Directions: In the records below, find the line that contains "4345 Skyline Loop NE — Photo 3". Retype that line and all the lines after it through the end, leaving out the pictures.

Given data:

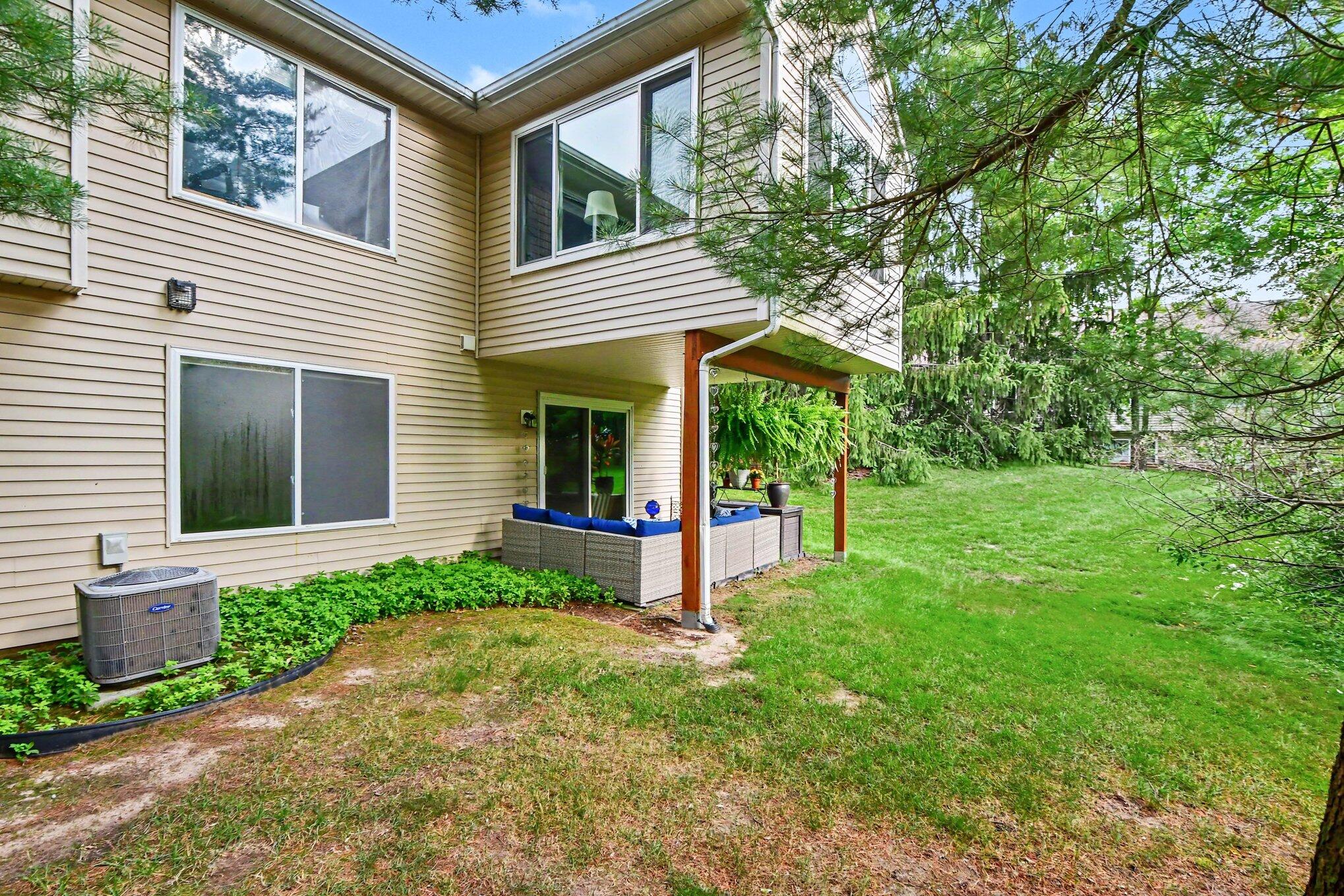 30 Aspen Lane NE Grand Rapids MI 49546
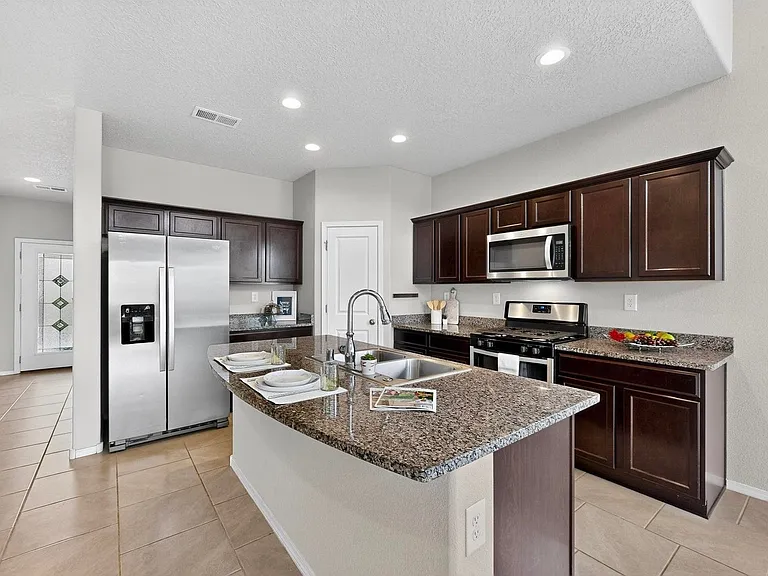 4345 Skyline Loop NE — Photo 3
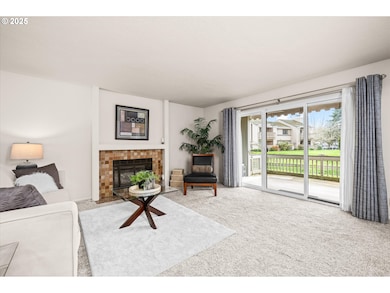 2062 Lake Isle Dr, Eugene, OR 97401 - photo 4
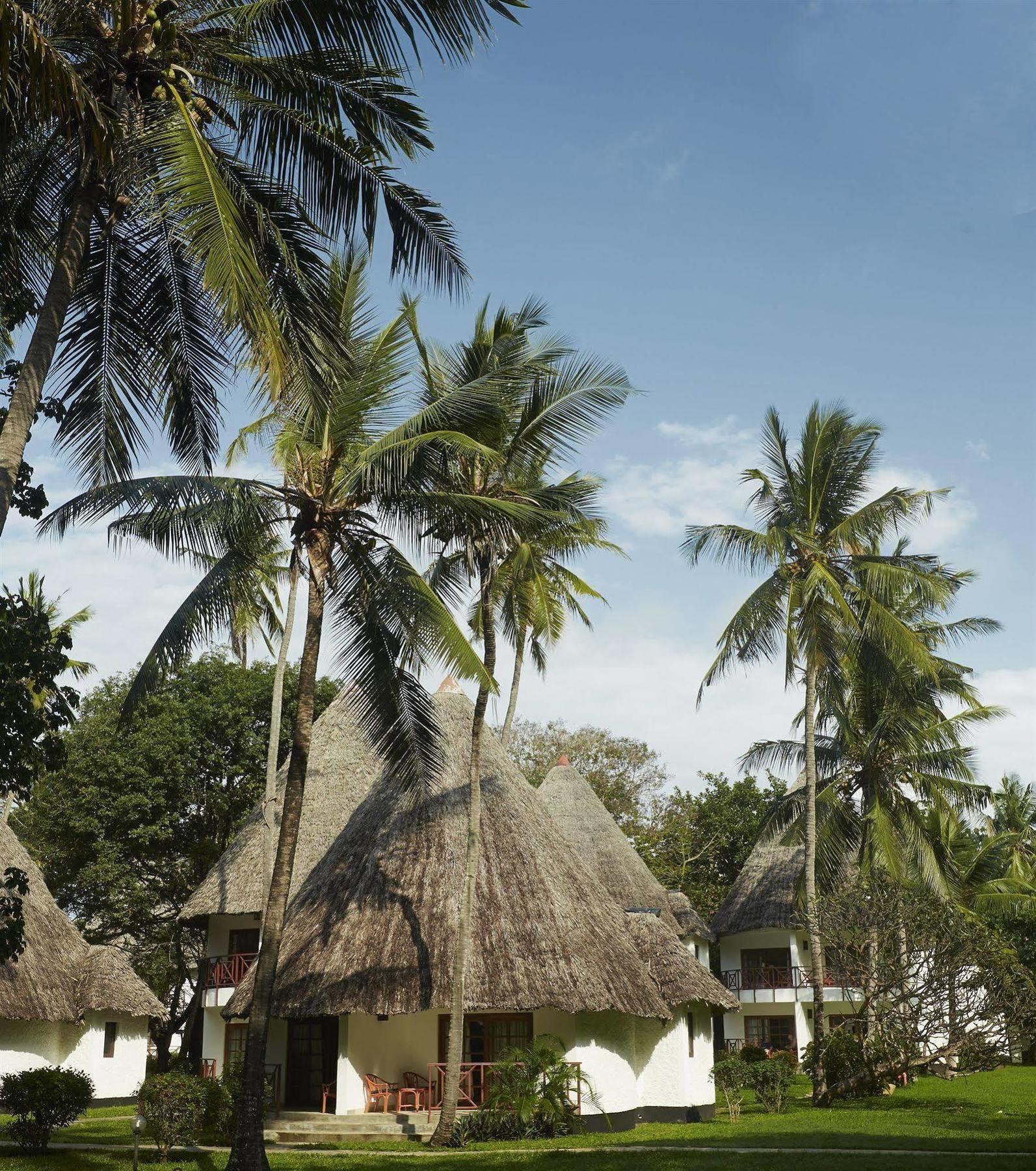 Neptune Village Beach Resort&Spa - All Inclusive Galu Exterior foto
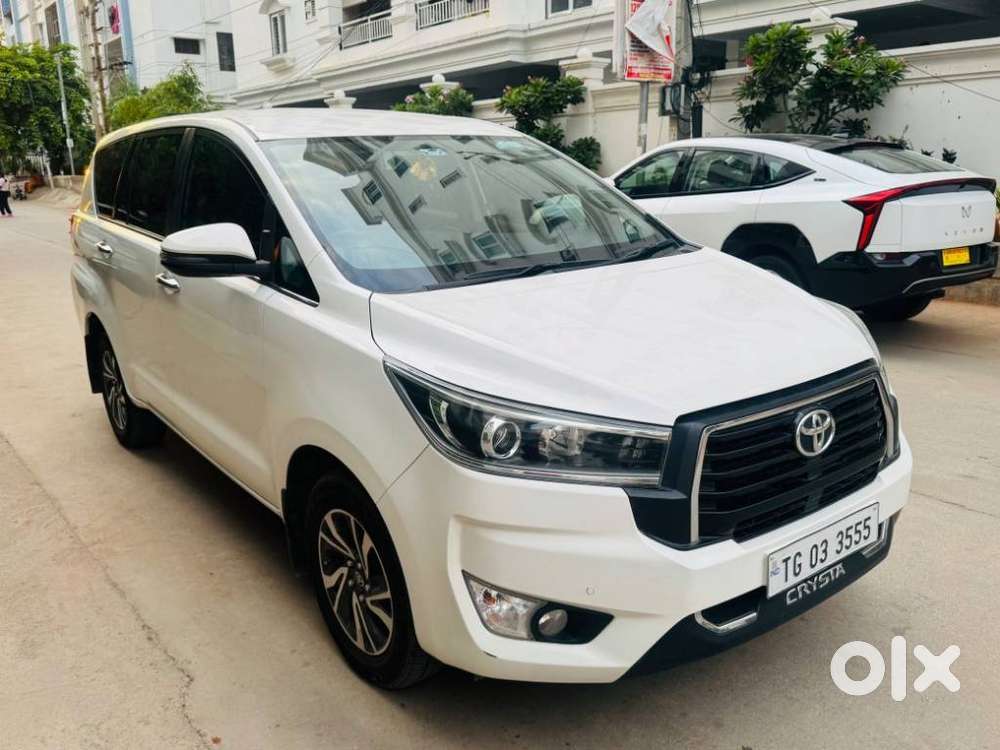 Toyota Innova Crysta 2.4 V, 2023, Diesel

Answer section:
 4345 Skyline Loop NE — Photo 3
 2062 Lake Isle Dr, Eugene, OR 97401 - photo 4
 Neptune Village Beach Resort&Spa - All Inclusive Galu Exterior foto
 Toyota Innova Crysta 2.4 V, 2023, Diesel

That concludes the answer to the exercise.